Without pretending to go into a history of everything, I would just remind those of short memory or those who have not had a chance to accumulate memories, that it was the Department of Defense, the DOD, that laid the groundwork for the web; it was the people who gave us the Bomb, Korea, Viet Nam, Granada, Panama, "plausible deniability" as a concept [...] et al. who also gave us e-mail and ftp. The military-academic-industrial complex and its modern manifestations have contributed significantly to all manner of intellectual work and not all of that work is to be tarred with the same brush. Some of this work is overtly beneficial. And more important without the private sector, research would atrophy dramatically. Google supports on campus research - results are showing up in the search window in links to maps, time lines and vocabulary plotting by centuries. I personally find it interesting that in-house research outpaces academic work which huffs and puffs to catch up.
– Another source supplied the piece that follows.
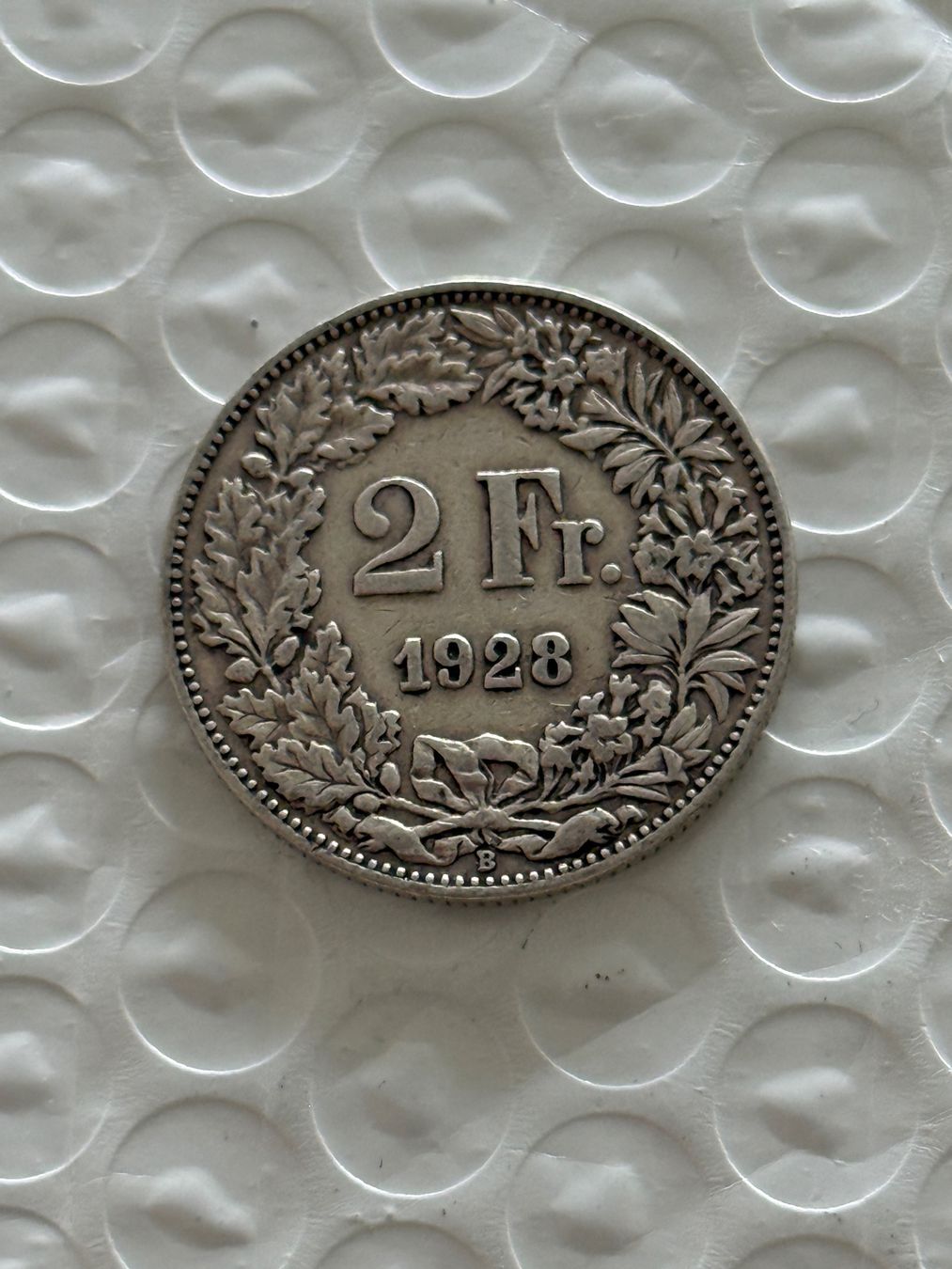 Tutti le monete: 2 Franken 1928  Rar – Usato da Wallisellen venduto da SWISS_SILVER1 1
There is a ubiquitous skepticism today as the waves of public opinion wash over us every day, and polarization and spin have obscured all recognition of the "public good." Any honest work with texts today has to factor in electronic representations. Google's work in the last 7 years has been so monumental that it has taken some by surprise along the lines: "My goodness I am completely behind the 8-ball." The arbiters of opinion, to mask a lack of actual experience with the topic, feel they have to balance pros and cons. Take a sober look. Do not rush things. Yet, a library of 12 million books, delivered all over the world to anyone who can bring up a search window does not have pros and cons. Taking a measured pace by settling on 3 line snippets is not deliberate and sober; it is silly in the sense of operating without a clue.
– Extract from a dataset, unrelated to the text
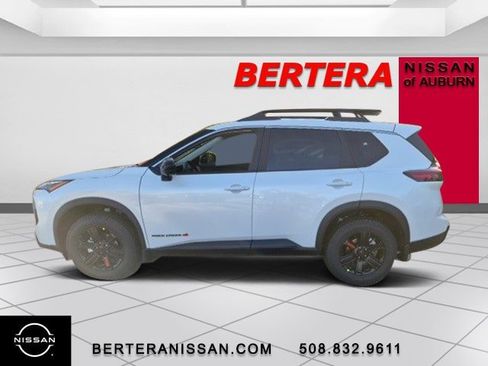 New 2026 Nissan Rogue Rock Creek image 1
The whole notion of "snippets" comes from a time long ago, before our exponentially growing mountain of texts became somewhat manageable through electronic representation. People who do not understand this should get out of the way and not insinuate their lack of understanding into the discussion.
At least, larger snippets would let the library of 12 million books become more useful in the short run and have its functionality not be hostage completely to legal wrangling. Perish the thought that the perspective of researchers adept at using electronic methodologies should insinuate itself into legal wrangling. Nor should innovative thinking throw the good ship "Chronicle of Higher Education," purveyor of opinion extraordinary off its even keel. That would be amateurish, pointless and self-indulgent, legally speaking, and suspect public policy, and also bad high-brow journalism. We have all the time in the world because our lives are good thanks to billable hours and a captive audience.
Judge Chin could have told us what we found out in March 2011 in March 2010, and the deal could have been renegotiated by now and the library open for business. Given that we live in a world where time is money, one should consider that an extra year of retainers and billable hours for the lawyers while the judge deliberated could probably paid off al the authors in their weight in gold and scanned all books in Portuguese and Danish. After all, this is not about Google, as Judge Chin and the opponents seem to want us to think - it is about the books, getting books onto our screens. Prof. Grimmelmann has hit the buckler of truth not far off the hub when he says quite unlegalistically: "...it's scandalous to think that copyright owners might have a right to hold up the creation of good indices. They should be beating down Google's doors demanding to be indexed, and the sooner the better [interview with William McGeveran]." Fortunately the legal wrangling has not held up the indexing due to the courageous actions of Google and the libraries - no need to scoff - Google and libraries around the world have built an index of 12 million books - not with timidity.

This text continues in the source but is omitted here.